I felt alone and was angry at everyone. ‘Why is it that everyone else is so shallow,’ I asked myself. I began reading Ayn Rand’s Atlas Shrugged, her masterpiece philosophical novel. I became drawn to Rand’s philosophy of objectivism, a ruggedly individualistic ideology, which criticizes the idea of service for others.
In Rand’s world, we are all individually motivated, and self-serving by nature. To reject that is to reject the essence of human greatness. Notions of “service to mankind” and “brotherly love,” are inauthentic and grossly over exaggerated if not downright unnecessary. Your personal happiness, your success, is an end, not a mean. The novel recognizes the idea of self-actualization, but nothing further.

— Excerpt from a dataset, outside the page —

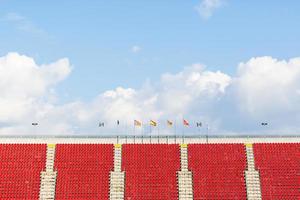 sièges vides dans un stade de football avec flaggs photo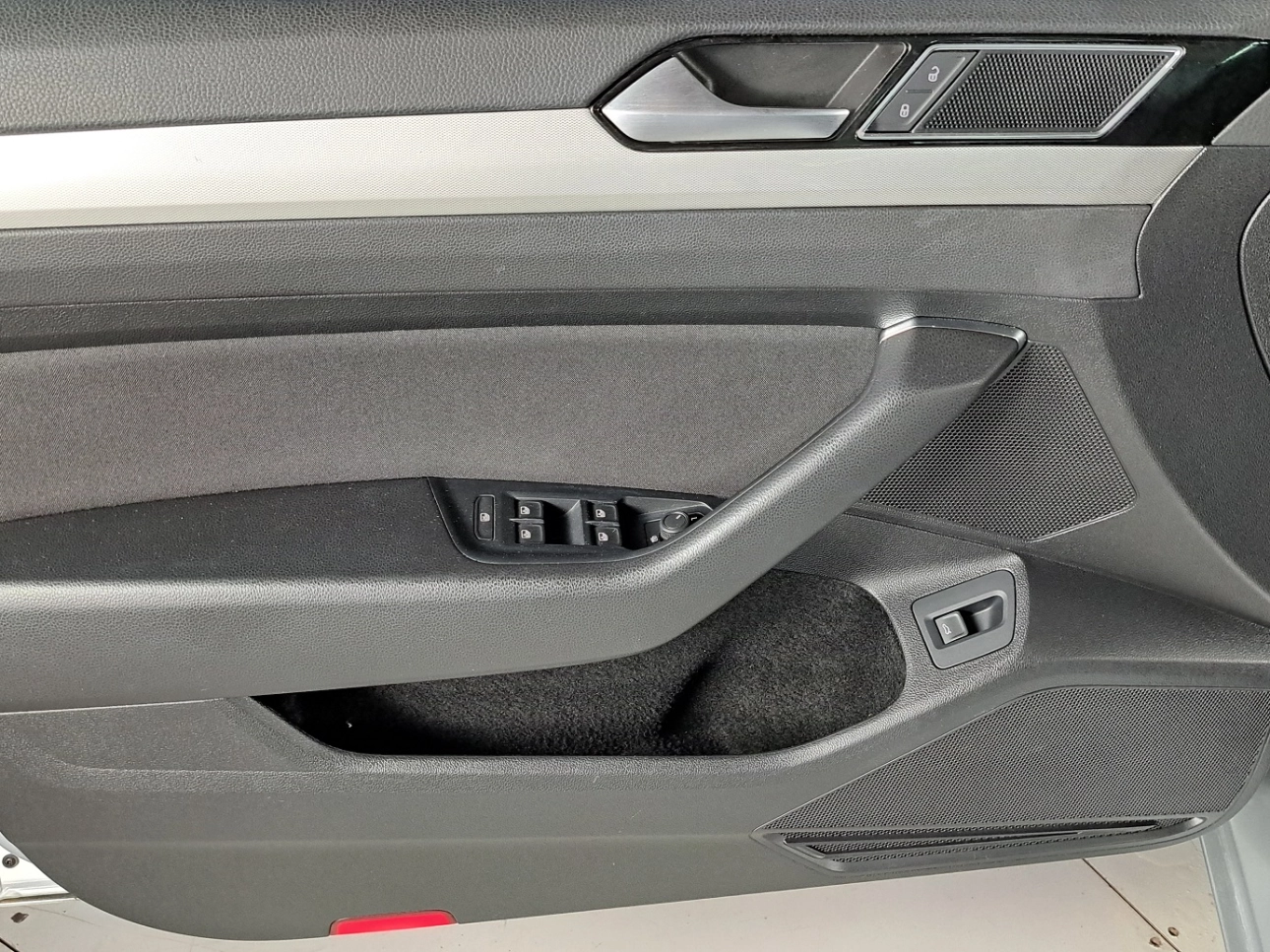 VOLKSWAGEN PASSAT Sedan 2019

For a while, I came to believe that Rand was right. I gave everything I had to my work and writing, and the results were amazing. A play I wrote made it to the National Level of the National History Day Competition, I earned stipends from my internship and presented research in social psychology at the Governor’s School East.
I was happy, and I never imagined that there was anything greater than the feeling of accomplishment. But I was riding on a wave, and eventually the wave burst. Life happened and my old anxieties crept back up again. These past weeks, I have been beating myself up inside for losing focus and falling off my productivity high.
I expressed how I felt to several close friends, and they reminded me that I am valued and loved. I realized that success is not a healthy measuring stick for self-worth because we cannot be successful at all times. Even the most ambitious of us will have times when we fail to live up to our own goals.
In those times, it is important to have a support network of friends to lift you up. So if you are feeling overwhelmed, anxious, or just plain down, do not try to go it alone and do not beat yourself up further. Make time to reconnect with those who matter. No man is an island and your value is not dependent on your money, your GPA, your test scores or anything else. Whatever might happen, just learn from it and keep going. Things do get better.
Stephen • Sep 26, 2018 at 7:56 pm
I’d love to see you read Atlas again. You missed how Rand handled things like loss of motivation, friendship, kindness. Reading her work via the categories we are trained in makes it all too easy to miss the threads of kindness and love for one’s friends that weave through her novels.
There’s a great series of webinars on Atlas which probe the layers in the novel, called “The Atlas Project” on the ARI Youtube channel. Also there are some excellent talks by Gena Gorlin on handling stress, motivation issues, and dealing with oneself benevolently. Have a look!